Kansas views on due process, water plan, moving elections, Kochs, Medicaid fraud
04/21/2014 12:00 AM
08/08/2014 10:23 AM
Due process – It seems hard to imagine that it is all that difficult to fire a bad teacher. The modest protection offered now seemingly just requires an administrator to go through the same process any other employer should when dealing with a performance issue. If administrators have carefully documented performance failings and demonstrate a good-faith effort to correct them, they shouldn’t have any problem with a hearing officer. This “tenure” for Kansas public school teachers is not some special lifetime job security. It seemingly just is a good employment practice.
Water plan – Gov. Sam Brownback is right about one thing. Kansas needs to begin to plan for its future water supply, now.
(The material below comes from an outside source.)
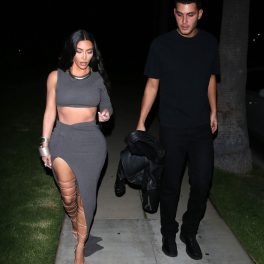 Kim Kardashian, alături de Jamie Reuben, în timp ce merg spre localul unde acesta își organizase ziua de naștere
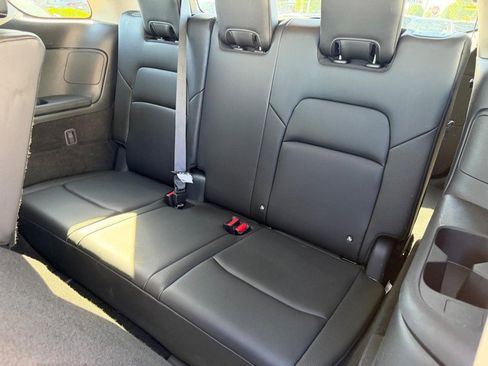 Used 2025 Nissan Pathfinder SL AWD/4WD image 9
The governor called for action last fall on a 50-year “Vision for the Future of Water in Kansas.” The Kansas Water Office has been scouring the state for input for this vision. Getting the job done, however, will take a bipartisan readiness to act on the part of legislators and governors now and in the future.
Winfield Daily Courier
Moving elections – One of the legislative efforts that some observers think may resurface during the wrap-up session that begins April 30 is a bill that would move local elections for school board and city offices from April to November. This is a bad idea that didn’t get any better as it moved through the Kansas Legislature. Legislators should leave this issue alone.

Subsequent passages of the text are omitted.